On our trip from Hoy to Strathpeffer, one grey and rainy day, we were passing through a quiet northern village when Sally cried, “Pub!” Rubber screeched, and presto, we were entering its Stygian chambers. But we had made a mistake. I don’t know just what Sally said to the barkeep, but he and the locals were instantly disenchanted with our arty crew of bogus ruffians. “Go, go, this is not good, go,” Sally urged us quietly through clenched teeth as she turned to the door. A few of us, me included, moved quickly to the parked van outside. But two had gone somewhere to buy whiskey or food or something, and another two were off to another tavern. These Mekons were like bloodhounds for drink. One of those now missing had the van key, and the rain was coming hard. I had brought a jacket on the trip but had left it at someone’s house along the way. My shaving kit, a notebook of charts, Jonathan Richman’s phone number on a scrap of paper, and a check for $348 were also at mislaid like fairytale bread crumbs at a string of locations behind me. I was wearing Sally’s boyfriend’s smallish sweater, and it was getting seriously damp; but after two weeks in Scotland, you hardly notice that. All of a sudden there was a violent noise behind me -- a citizen of the bar, thick-lobed, livid, was banging the pavement and shouting, “Hey! Get this van out of here, now!” A brawl was imminent -- exciting! Eric, the accordionist, made off down the street to try to find driver and key. He was moving fast but not running, and the local bellowed at him thunderously.
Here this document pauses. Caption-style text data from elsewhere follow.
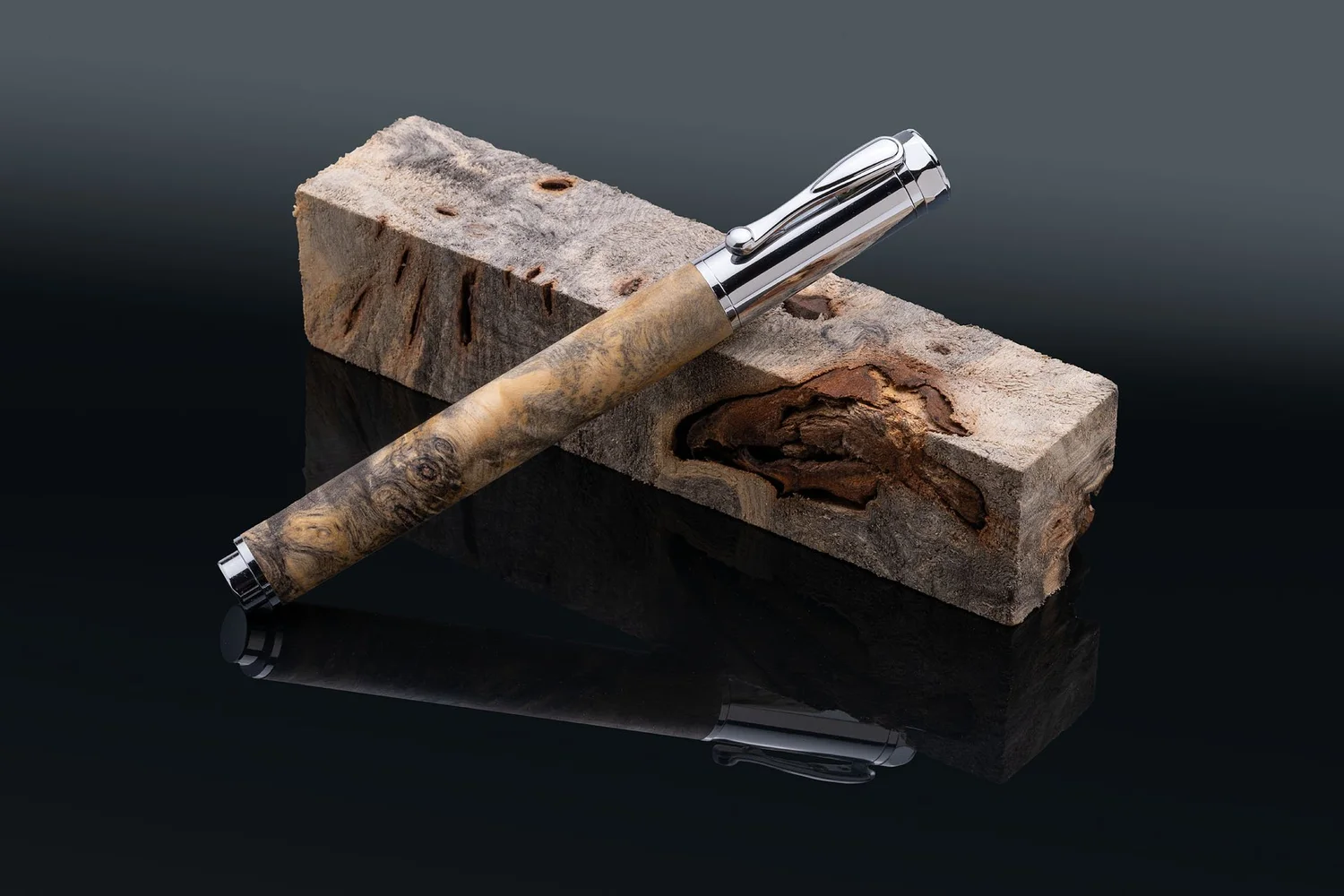 * California Buckeye Burl Magnetic Rollerball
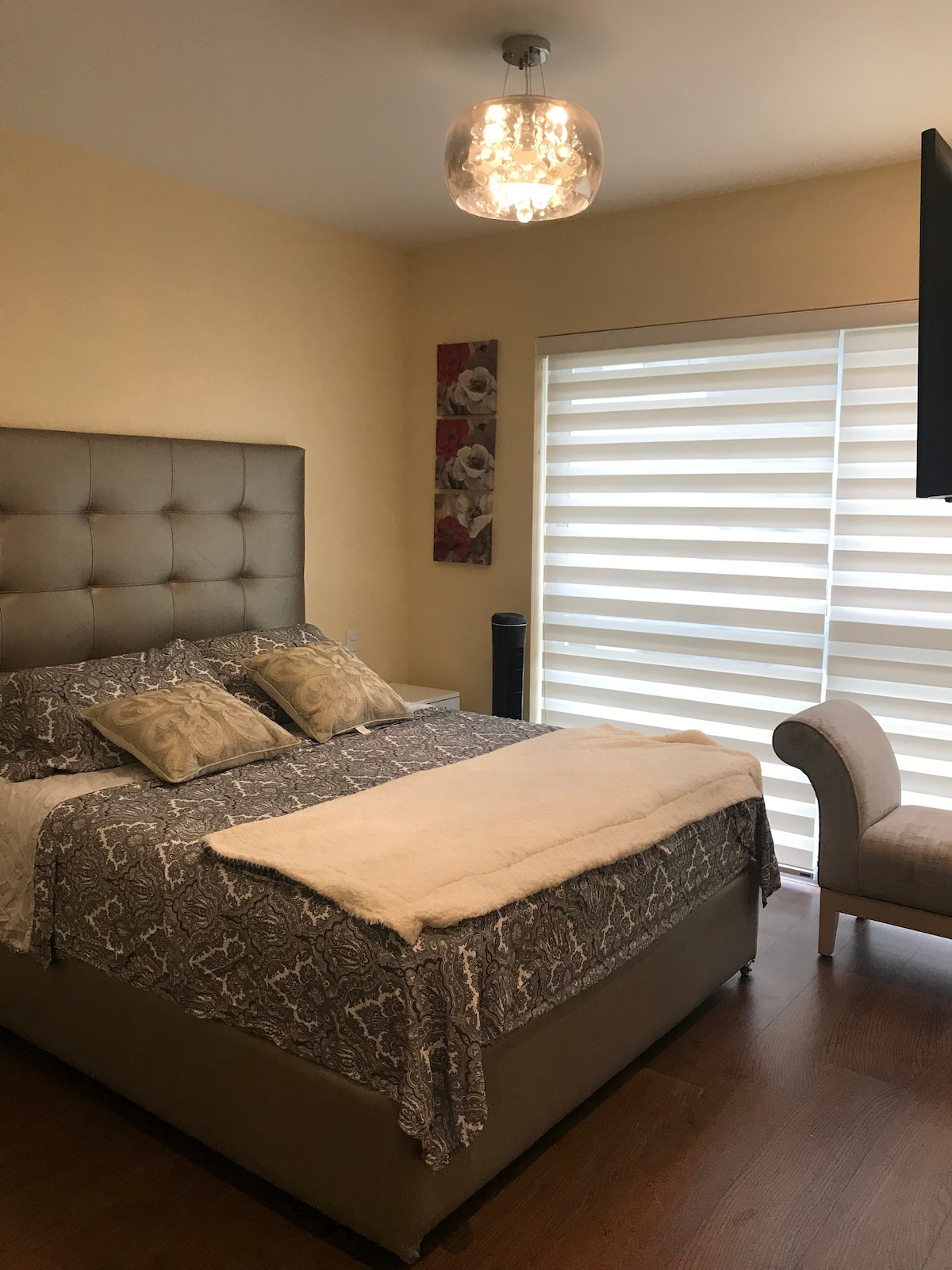 Основна спалня(голямо двойно легло  и дрешник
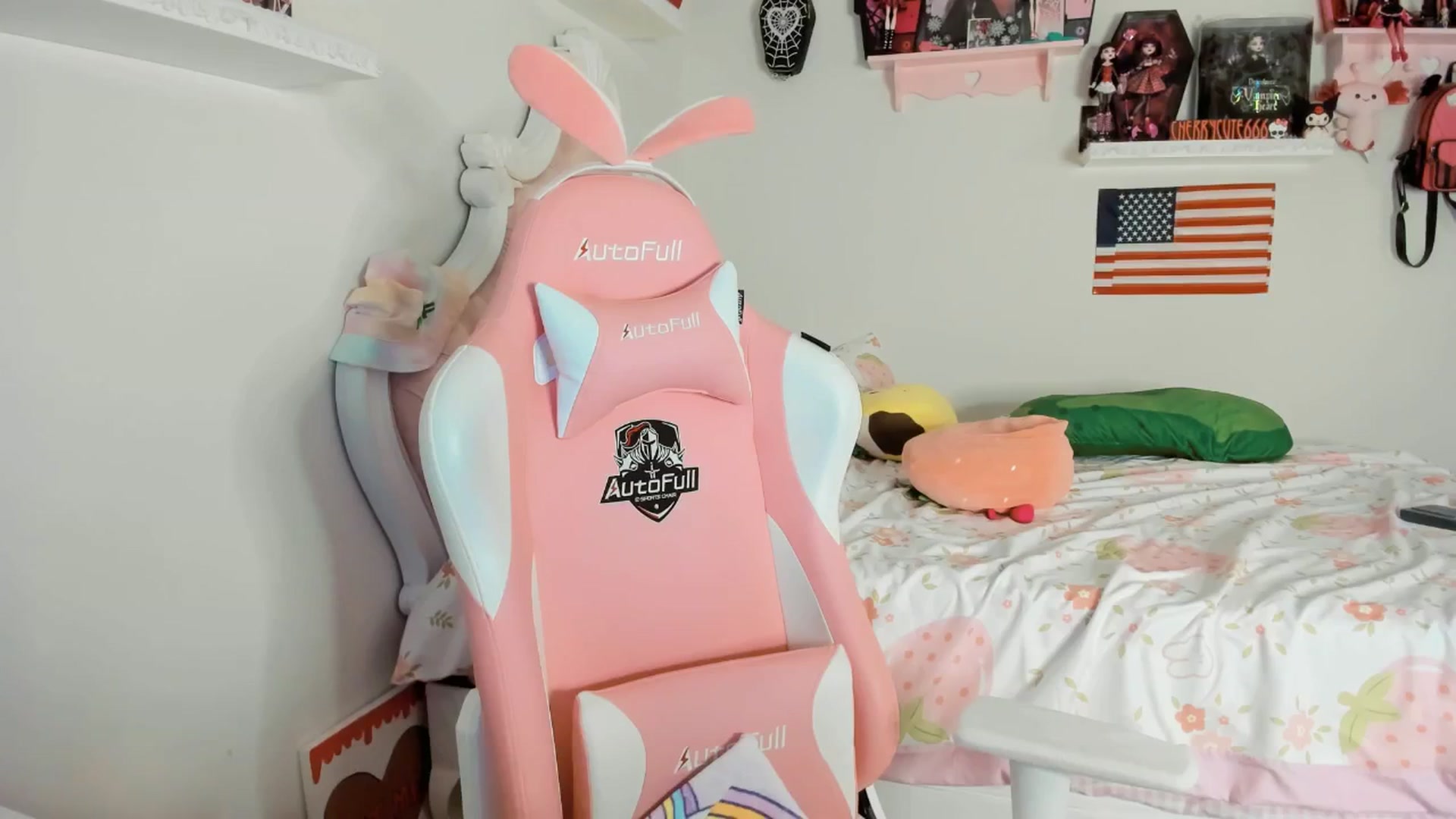 Gallery image thumbnail from Cherrycute666's myfreecams stream on, 07/05/2025, 08:39 image 14 of 20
It was all shaping up like one of those medieval skirmishes on which the Scots are so well-read.
It took longer than it should have, and seemed longer yet, but at last our party was rounded up and we pulled away, all feeling like weak-limbed aesthetes suddenly and rudely thrust into the bleak unyielding heart of reality -- David Copperfield in the wine bottling plant. I felt like that, at least. As we pulled out, I issued a valedictory cry of “Better together!” through the open window at the locals, pitching it so that they probably couldn’t hear it, but timing it so that our rate of acceleration would save our hides if they did. Sally shook her head grimly. “The ugly side of Scotland,” she said softly to me. “I’m sorry you had to witness that.”
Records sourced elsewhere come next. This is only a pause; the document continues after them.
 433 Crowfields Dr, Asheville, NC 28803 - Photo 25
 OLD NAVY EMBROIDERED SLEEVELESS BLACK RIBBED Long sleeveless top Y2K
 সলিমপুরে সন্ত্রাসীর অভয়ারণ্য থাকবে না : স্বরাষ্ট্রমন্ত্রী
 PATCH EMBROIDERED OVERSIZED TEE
A nicer view was vouchsafed us on Orkney (“a byword for remoteness” --Guardian), where we were welcomed by the distinguished essayist and playwright Duncan Maclean. Duncan set up a memorable, well-attended show for us in the town center, and also arranged for us to nose around the Ness of Brodgar excavation with Professor Mark Edmonds of the Univ. of York. The Neolithic temples and other dwellings there, discovered only a couple years ago, predate the pyramids and Stonehenge -- Edmonds said, as I remember, they went up between 3500 and 3900 B.C. I missed a lot of what he said because the wind there on the beach maintained a decibelage that must have put a severe crimp on early man’s capacity for light banter. I watched the good professor’s mouth move as we trudged around the burial tombs, tiny temples, and mysterious circles of narrow cylindrical stone that were the Neoliths’ version of our Thursday night TV viewing. Some of the spaces and entryways were dauntingly low and narrow, yet these strange humans were on average only an inch or two shorter than modern man, the archaeologist shouted over the gusts.
Twenty of the seventy islands in the Orkney archipelago were tenanted, although Hoy looked a toss-up. For sure the population did not include one person who knew how to run a P.A. At Hoy’s desolate ferry terminal, I picked up a brochure that included a helpful poetic mnemonic to help outsiders learn and distinguish among thirteen of the islands. It is a good example of the Scots’ pride in their local minutiae, and of other things too:
At catching fish I am so speedy/A big black scarfie from EDAY
If you want something with real good looks/You can’t go wrong with FLOTTA fleuks
There’s not quite such a wondrous thing/As a beautiful young GRAEMSAY gosling
To take the head off all their big talk/Just pay attention to the wise HOY hawk
All stand to the side and reveal/From far NORTH RONALDSAY, a seal
When feeling low or down in the dumps/Just bake some EGILSAY burstin lumps
You can say what you like, I don’t care/ For I’m a beautiful ROUSAY mare
I can always set the world on fire/Because I’m the greatest, a whelk from WYRE
I like my porridge fine and dandy/For I’m a gruellie belkie from SANDAY
Do not listen to that crusty creep/But hark to the voice of the SHAPINSAY sheep
If you want something to stick all day/Get yourself a limpet from fair STRONSAY
What’s the finest bird in any flock?/Have you heard of a WESTRAY auk?
Though you look for a month of Sundays/You’ll find naught like PAPA WESTRAY dundies
Well! If you can’t keep the Orkneys apart after that, you’re a hopeless case. How many of life’s fuzzily similar set members -- for instance, Americana acts -- could we easily commit to memory by following the anonymous bard’s slipshod technique?
If you like long grey hair, and pipes you might kill for/You can go much wronger than JIMMIE DALE GILMORE
Am I a slew of songs about a past wild and checkered?/Then I am JASON ISBELL’s new record!
If your TAYLOR I.Q. is really dreadful/Remember, JAMES has no hair, while CHIP has a headful
But you truly can’t tell a fart from a belch/If you mix up KEVIN and GILIAN WELCH
Who is as spry and frisky as a colt?/None of the members of SON VOLT
All who love harmonies piercing and unruly/Bow before BUDDY MILLER, and his freaky wife JULIE
What makes a noise that’s dire, yet awfully hard to hear?/ROBBIE FULKS’s career
Please cut the carbs by quite a bunch/If you are the one preparing JOHN MORELAND’s lunch
And speaking of cooks, one who does not look like death/Is the one they call ELIZABETH
To avoid sharing royalties with a girl/Don’t marry seven of them, like STEVE EARLE
Though no homosexual, I’d fancy a fling/With Bloodshot’s LUKE WINSLOW-KING
And if Luke casts me out like an unclean beggar/Then I’d gladly settle for LINDI ORTEGGER
I’m no old-timey maven/I once recoiled from MIKE CRAVER, thinking him WES CRAVEN
Which is why the nouveau old-timers call me Pops/My knowledge runs more to RED CLAY RAMBLERS than CAROLINA CHOCOLATE DROPS
And, with the LUMINEERS/Completely disappears.